#### EXERCISE INSTRUCTIONS:
Every line below between the line holding "Bathroom Rugs Abstract" and the line holding "FIRETREESILVERFLOWER Flower Shape", inclusive, should be repeated exactly, and all other lines omitted.

#### RECORDS:

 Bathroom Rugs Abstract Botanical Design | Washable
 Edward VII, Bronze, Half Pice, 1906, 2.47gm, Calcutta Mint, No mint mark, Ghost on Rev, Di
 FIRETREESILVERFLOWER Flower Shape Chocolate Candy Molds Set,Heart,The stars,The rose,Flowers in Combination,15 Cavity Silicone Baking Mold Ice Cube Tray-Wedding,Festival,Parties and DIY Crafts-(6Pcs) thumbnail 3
* * *
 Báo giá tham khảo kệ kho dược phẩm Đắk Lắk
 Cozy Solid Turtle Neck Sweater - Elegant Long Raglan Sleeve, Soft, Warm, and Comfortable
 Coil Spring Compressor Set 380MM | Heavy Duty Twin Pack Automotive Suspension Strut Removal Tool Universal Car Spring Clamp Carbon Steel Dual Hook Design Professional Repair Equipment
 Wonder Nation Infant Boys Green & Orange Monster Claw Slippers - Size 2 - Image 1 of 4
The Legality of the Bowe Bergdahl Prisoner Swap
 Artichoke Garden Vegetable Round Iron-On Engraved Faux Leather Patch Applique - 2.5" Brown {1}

#### RESULT:
 Bathroom Rugs Abstract Botanical Design | Washable
 Edward VII, Bronze, Half Pice, 1906, 2.47gm, Calcutta Mint, No mint mark, Ghost on Rev, Di
 FIRETREESILVERFLOWER Flower Shape Chocolate Candy Molds Set,Heart,The stars,The rose,Flowers in Combination,15 Cavity Silicone Baking Mold Ice Cube Tray-Wedding,Festival,Parties and DIY Crafts-(6Pcs) thumbnail 3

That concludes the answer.